Nuestra catedral humana está construida desde hace mucho tiempo. Mucho más tiempo del que viven los hombres. Cuando hablo de la catedral humana, hablo del cuerpo impregnado de frases y voces lejanas, de vidas que desean que nosotros lleguemos a imprimir algo de lo que no pudo, en oportuna acción, ponerse en causa.

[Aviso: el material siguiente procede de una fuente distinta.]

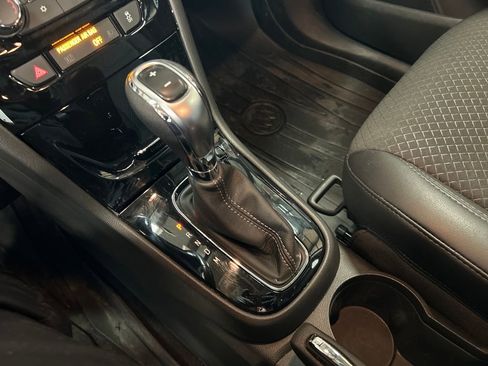 Used 2020 Buick Encore Preferred w/ Safety Package image 24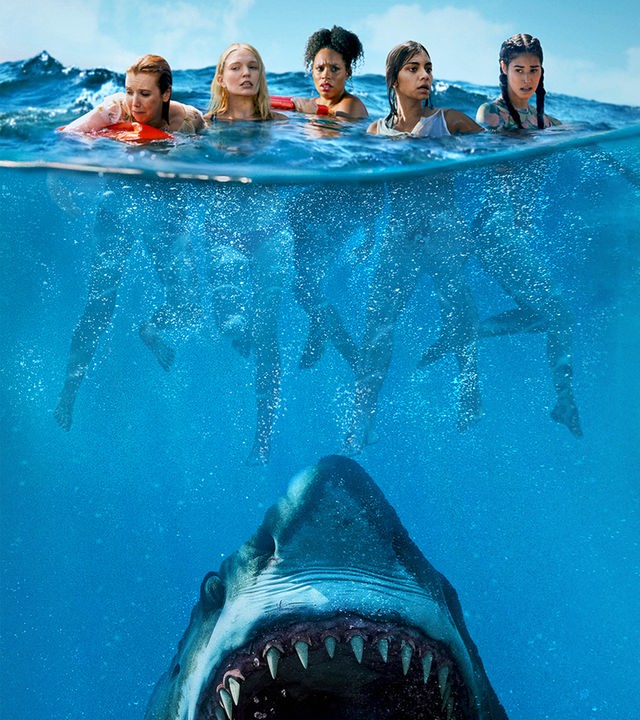 Plakativmotiv: Fünf verängstigte Frauen, Lizzie (Lauren Lyle), Kayla (Natalie Mitson), Ruth (Ellouise Shakespeare-Hart), Meg (Hiftu Quasem) und Cam (Nicole Rieko Setsuko), halten sind auf dem offenen Meer über dem Wasser, während unter ihrer Füßen ein Hai mit aufgerissenem Maul lauert.
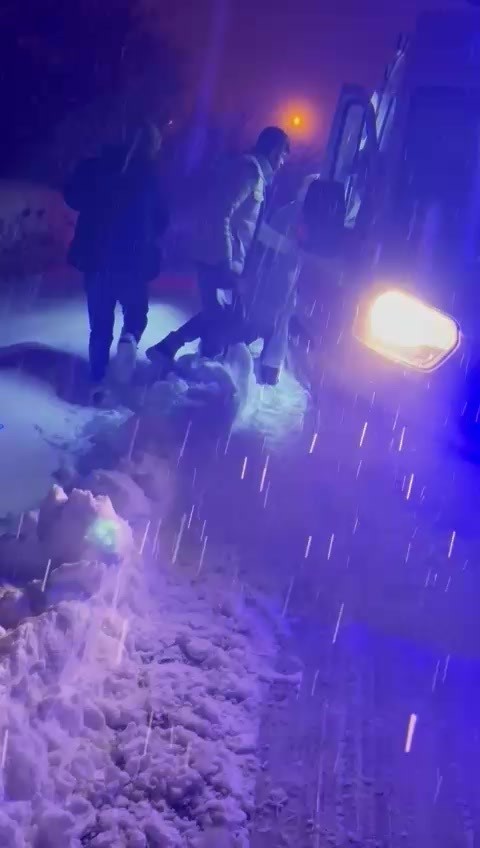 Gercüş’te karda mahsur kalan hasta ve ambulans kurtarıldı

Dar cuenta de esto, en algún sentido tiene, a mi entender, la posibilidad no solamente de la experiencia que dicta que hay un saber hacer el oficio de la escritura sino algo más. Ese algo más, es tener la soltura plena de saber cual es la función ancestral que tiene la literatura. Y por eso hablo de dos insistencias sobre el vacío, o sobre la dimensión humana que desconocemos y el encuentro con otra cosa que, sin duda, se puede leer en el siguiente párrafo:

"Entre ellos hablan de los hermanos clasificándolos. Son cuatro tandas ordenadas a partir de los cuatro pares de gemelos que tuvo la bisabuela, de quién hay una fotografía en la que se la puede ver muy plácida. En realidad ella, que los parió, tiene una imagen menos remota que ese malón de hijos que le llevaron las pestes. La agrupación por nacimiento es, en la mayoría de los casos, coincidente con las causas de defunción: La fiebre, el tifus, la tuberculosis y otras. Hablar de sus veinte hermanos es la forma en que Maese y la abuela de Maíza organizan su mundo. Las cuatro "tandas" son como cuatro estaciones en el tiempo. A partir de ellas, recorren la historia como una autobiografía donde se sitúan todos los hechos importantes de la familia. Por supuesto que Maese le lleva algo de ventaja por ser el mayor de los 22. Pero ella se defiende desde un bastión inescrutable: "pero mamá me contó que en realidad..."

 

De escucharlos, nada más, Maíza va construyendo un caudal de mujeres y una tropilla de varones arquetípicos en su imaginación. Dotadas, ellas, de una mirada grandiosa y lenta, capaces de morir con dignidad y en silencio y los hombres tan valerosos y corajudos que la peste los vencía de un día para el otro, cayendo en el campo como el tronco de un árbol que se quiebra y se olvida. Ella no supo jamás si los de carne y hueso fueron realmente así, pero persisten en su interior los ecos de ese malón que hace sonar sobre la tierra los cascos de sus caballos y percibe el dorso de una mano fuerte, cuarteada, enrojecida por el frío, apretando las riendas en el espacio libertario de la pampa. Sugestivamente, ellas, son las de mirada múltiple y unívoca, que bajan los párpados despacio tocando el horizonte como quién puede tocar a todas las generaciones. Dolorosas y sabias; musicales, serenas, nobles, valientes como la risa. Todos, de alguna manera, viven dentro de Maíza, que los junta de a pedazos y como las hojas de helecho picadas en la infancia, las voces de Felicitas y Maese, en el patio de la tarde hacen en su cabeza ese matete de ideas primordiales: virtudes que cuando uno crece, lleva en el corazón aunque no cumpla, aunque no sepa, aunque la vida aterrorice y la muerte asuste. Ahí están ellos, en el centro de su ser como un bosque humano haciendo ruidos en el alma y dando luz munífica a las palabras. Ellos son el río que desborda pronósticos seculares; son los escalones por los que desciende la almohada; el sueño común como una rienda, como una soga en la que se encuentra atada a todos, volviéndola un nudo, en esa resurrección permanente que es la vida. Hoja de helecho picada en la infancia remota, espacio y condición de una lengua brava. Heraldos de banderas en el viento, donde se azota al león sanguinario y a la tortuga oscura; porque en la cama de la poligesta bisabuela, algo había ocurrido en una línea intermedia entre el Este luminoso y el Norte sombrío. Una cama hecha de vida y noche, un típico lugar donde todo comienza y finaliza, para volver a empezar. Y en el que las mujeres, tienen vientres húmedos y fértiles por contagio de la tierra que se deleita entre los ríos."